* Problem:
Please return exactly the lines from the one containing "Fotopuzzle für Kinder" through the end of the records, including both.
□ □ □ □
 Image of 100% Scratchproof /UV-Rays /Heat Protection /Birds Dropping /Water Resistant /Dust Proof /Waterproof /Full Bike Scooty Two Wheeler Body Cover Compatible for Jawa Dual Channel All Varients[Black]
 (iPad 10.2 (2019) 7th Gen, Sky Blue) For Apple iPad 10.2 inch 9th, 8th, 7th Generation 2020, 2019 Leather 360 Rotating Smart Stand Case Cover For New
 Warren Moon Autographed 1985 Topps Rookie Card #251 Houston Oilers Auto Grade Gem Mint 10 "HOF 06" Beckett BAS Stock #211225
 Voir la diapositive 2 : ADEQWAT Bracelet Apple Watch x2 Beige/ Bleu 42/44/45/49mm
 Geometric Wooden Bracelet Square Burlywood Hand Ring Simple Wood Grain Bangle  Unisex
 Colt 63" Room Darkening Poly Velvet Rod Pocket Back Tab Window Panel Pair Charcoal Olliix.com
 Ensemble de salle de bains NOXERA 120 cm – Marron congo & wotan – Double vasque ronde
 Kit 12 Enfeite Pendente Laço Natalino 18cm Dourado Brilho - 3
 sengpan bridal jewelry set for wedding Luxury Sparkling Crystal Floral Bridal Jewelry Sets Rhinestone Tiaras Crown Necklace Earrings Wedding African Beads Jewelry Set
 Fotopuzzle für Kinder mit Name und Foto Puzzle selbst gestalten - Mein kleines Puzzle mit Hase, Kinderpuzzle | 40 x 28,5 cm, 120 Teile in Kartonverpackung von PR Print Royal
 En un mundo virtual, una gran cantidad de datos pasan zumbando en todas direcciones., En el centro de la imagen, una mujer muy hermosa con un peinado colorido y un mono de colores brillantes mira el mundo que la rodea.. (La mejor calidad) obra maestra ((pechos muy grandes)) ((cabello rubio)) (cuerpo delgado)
□ □ □ □
* Exercise answer:
 Fotopuzzle für Kinder mit Name und Foto Puzzle selbst gestalten - Mein kleines Puzzle mit Hase, Kinderpuzzle | 40 x 28,5 cm, 120 Teile in Kartonverpackung von PR Print Royal
 En un mundo virtual, una gran cantidad de datos pasan zumbando en todas direcciones., En el centro de la imagen, una mujer muy hermosa con un peinado colorido y un mono de colores brillantes mira el mundo que la rodea.. (La mejor calidad) obra maestra ((pechos muy grandes)) ((cabello rubio)) (cuerpo delgado)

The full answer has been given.